Дэвид Файнток - Надежда патриарха
Я не мог вернуться в свою молодость, но какую-то малую часть той жизни можно было прожить заново.
– Сэр, стыковочные узлы готовы к рассоединению, – доложил пилот Ван Пэр. К моему удивлению, он выжил во время разрушения космического катера Академии, просто катапультировавшись при первой же лазерной атаке Стангера. В своем скафандре с двигателями он цеплялся к корпусу «Галактики», пока не решил, что можно безопасно перебраться на орбитальную станцию. Мне вспомнилось, что он тоже, как и я, любил шахматы. Возможно, во время долгих безмолвных вахт…
– Очень хорошо. – Я набрал номер:
– Служба слежения, «Олимпиада» готова к полету.
– Действуйте, «Олимпиада». Вектор 5–9 от станции. Удачи.
– Пилот, стартуем и держим курс на безопасное для перехода в сверхсветовой режим место.

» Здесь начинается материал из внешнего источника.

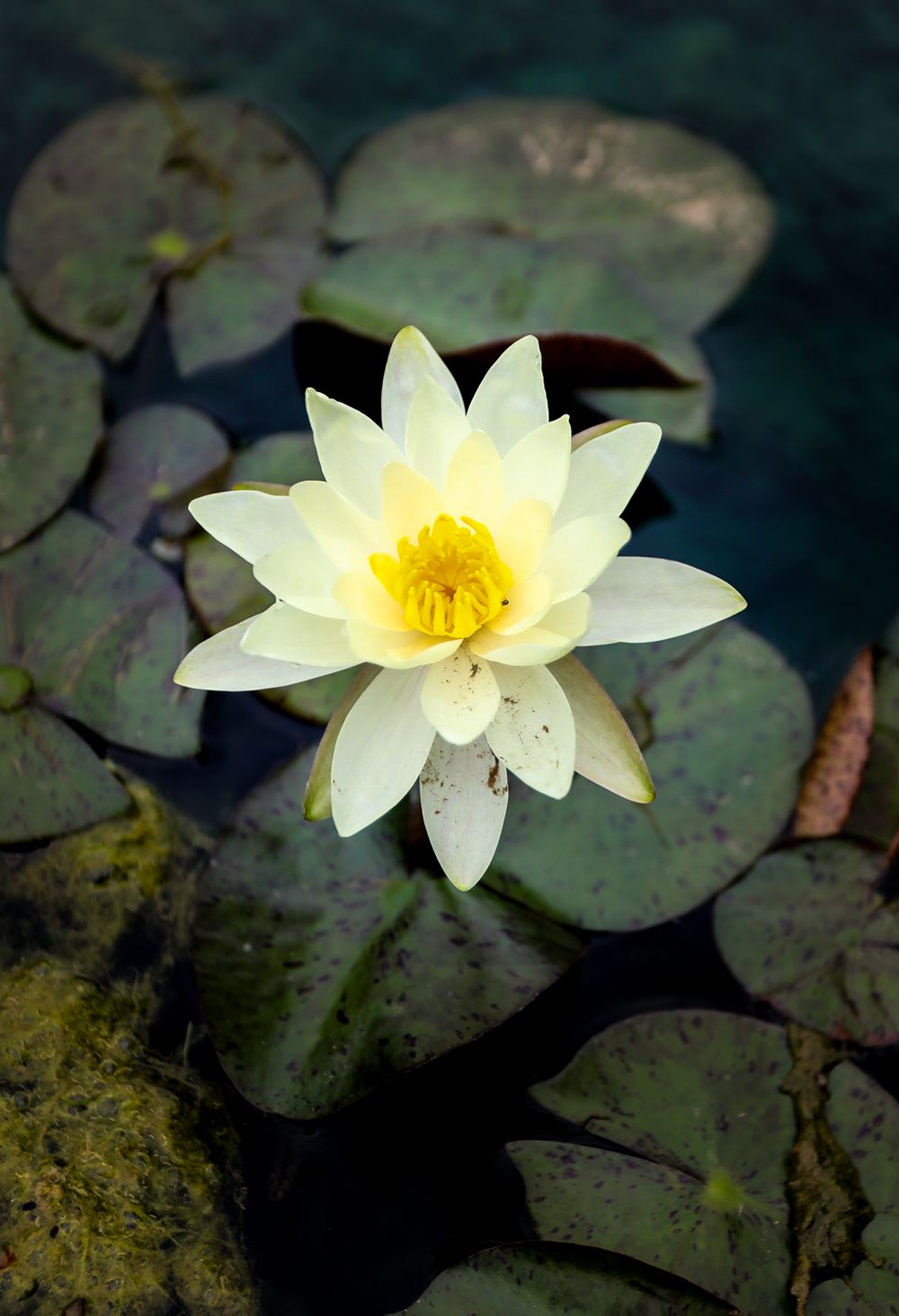 Lily bloom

Мое заявление об отставке с должности Генерального секретаря было передано в Ассамблею и вступало в силу с момента перехода «Олимпиады» в сверхсветовой режим.

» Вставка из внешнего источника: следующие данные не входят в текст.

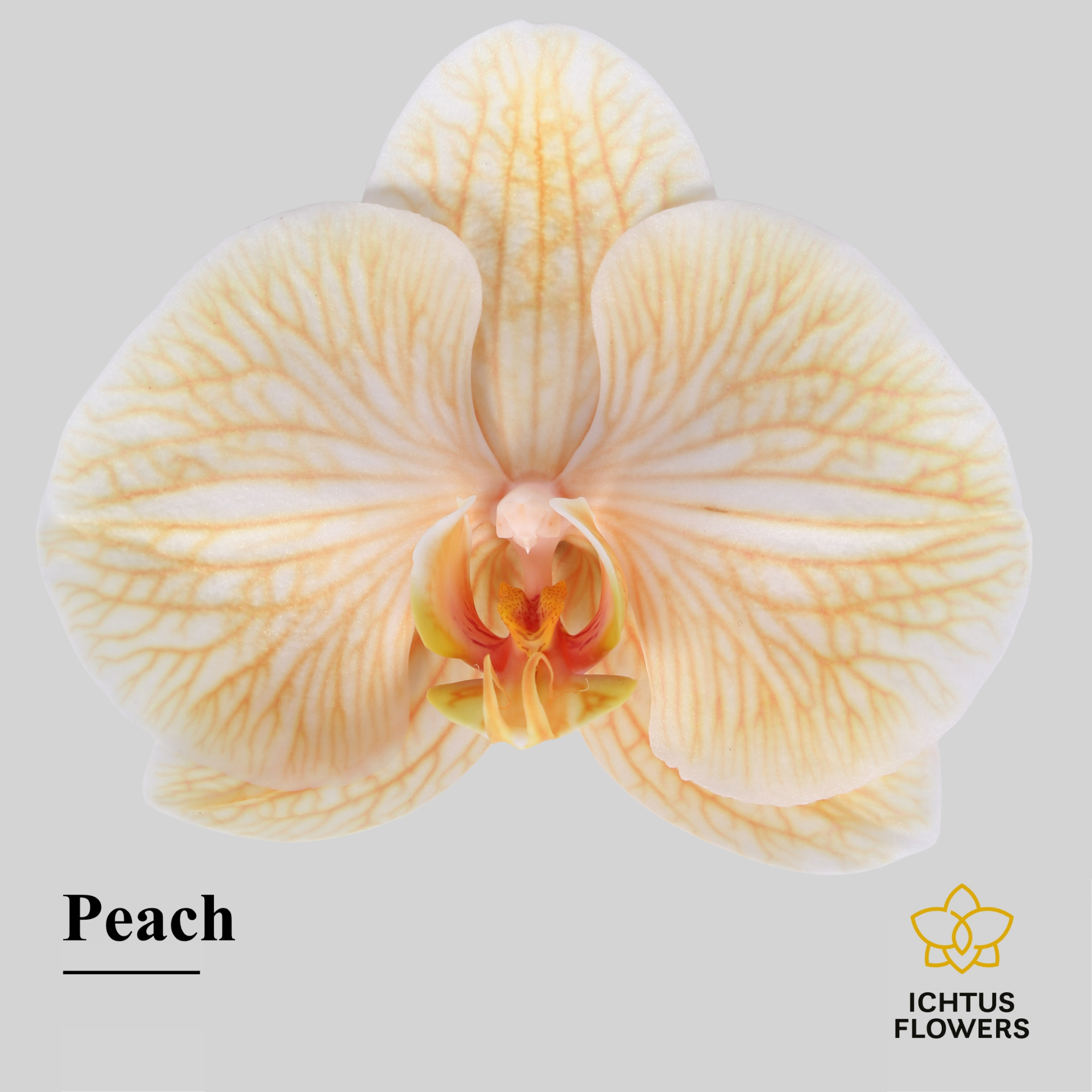 Phal Painted Excl. Peach Bloem 25 Bloemen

– Сэр, мистер и миссис Катарта с детьми, – сообщил гардемарин Рафаэль Дельгадо, шестнадцати лет, франтоватый и самоуверенный. Судя по личному делу, отличник математики и навигации. Посмотрим.
– Хорошо. – Я повернулся в кресле.
– Рад познакомиться с вами. – Гектор Катарта протянул мозолистую руку.
Я пожал ее. Мы немного поболтали о его работе гидролога и агробиолога. Миссис Катарта оказалась очень симпатичной женщиной, поэтессой. Дети их, однако, были еще совсем маленькими и все время шалили. Я испытал облегчение, когда они покинули мостик, хотя придраться к их поведению не мог.
– Па! – В люк влетел Майкл Тамаров и сразу за ним – кадет Ансельм. – В вестибюле есть арочный видеосимулятор.
– Прекрасно. – Прозвучало это весьма кисло. Я не упрекнул Тэда за нарушение протокола – в этот день капитанский мостик был открыт для пассажиров. В качестве кадета Ансельм был не при исполнении служебных обязанностей, и я мог позволить ему почти все. Кроме спиртного.
– У него двойной пульт управления! – Майкл насквозь пропотел от быстрого бега. Стильный новый китель, который я сам выбрал ему в дорогом земном магазине. Я улыбнулся: у нас было вполне достаточно времени, чтобы хорошо экипироваться. Парнишка не переставал радоваться:
– Тэд играет тоже!
– Отлично. Час видеосимулятора за час физических упражнений.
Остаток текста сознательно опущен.